■ **What is being asked**:
Extract every line between the one with "Personalized Airplane Birthday" and the end of the entries, both included, word for word and free of pictures.

--- Data to process Enclosed Below ---

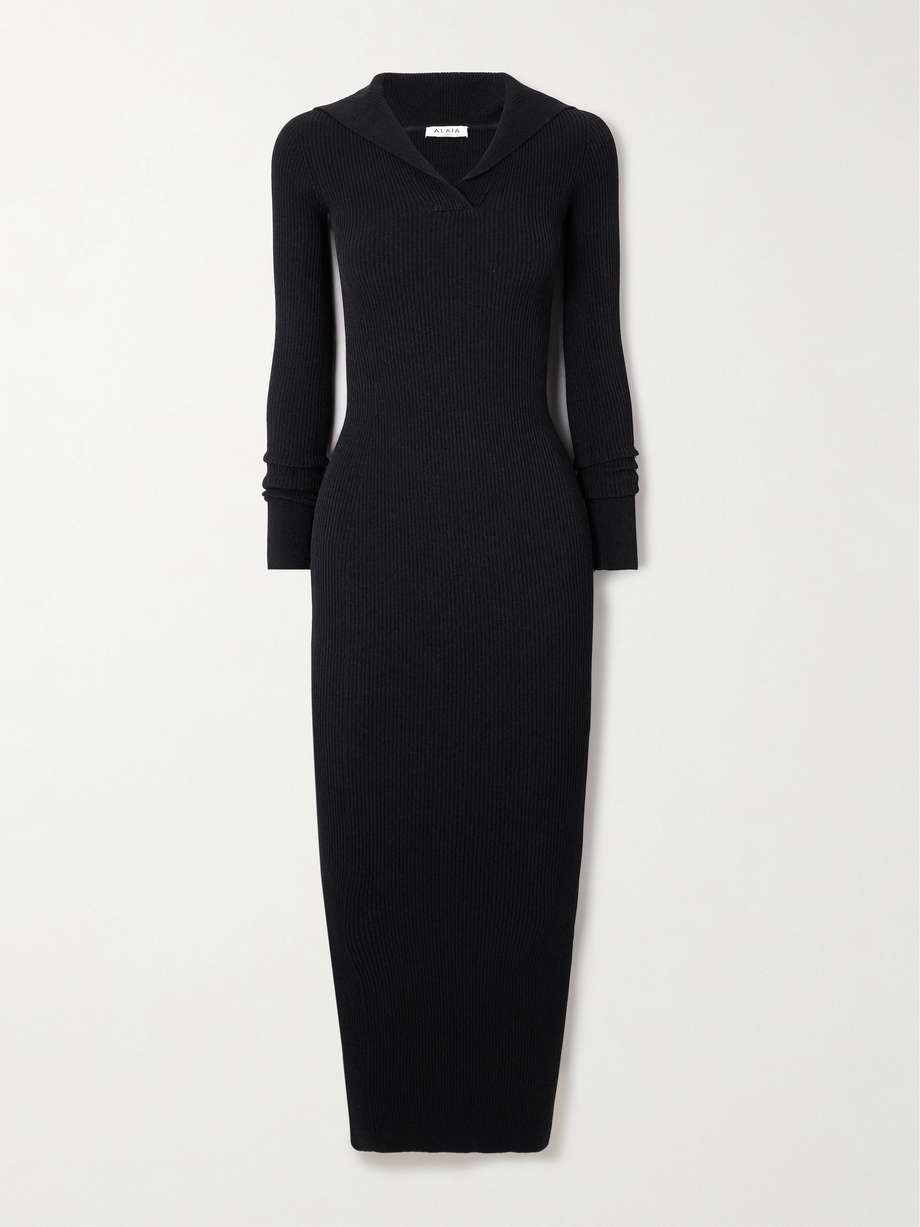 hooded ribbed-knit midi dress
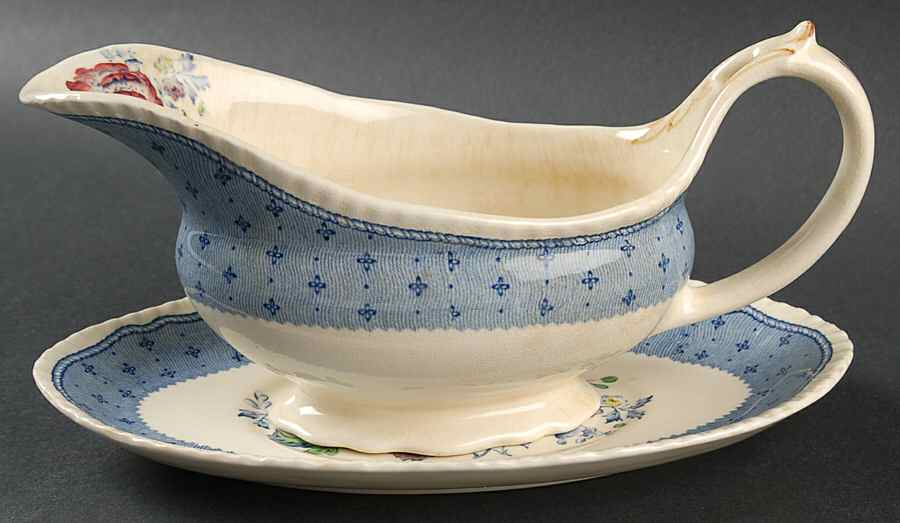 Plymouth Blue Gravy Boat & Underplate by Ridgway (Ridgways)-1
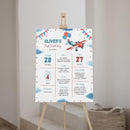 Personalized Airplane Birthday Milestone Poster, Airplane 1St Birthday Milestone Sign, Time Flies Birthday Chalkboard, Design 017 by TinyTreasures Baby Boutique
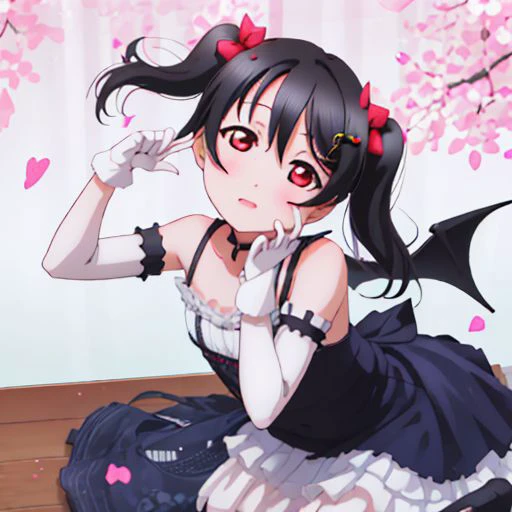 anime girl with black hair and red eyes sitting on the floor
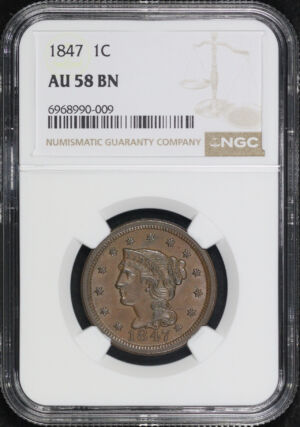 Obverse of this 1847 Braided Hair Cent NGC AU-58 BN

--- End of Enclosed Data to process ---

■ **Solved exercise**:
 Personalized Airplane Birthday Milestone Poster, Airplane 1St Birthday Milestone Sign, Time Flies Birthday Chalkboard, Design 017 by TinyTreasures Baby Boutique
 anime girl with black hair and red eyes sitting on the floor
 Obverse of this 1847 Braided Hair Cent NGC AU-58 BN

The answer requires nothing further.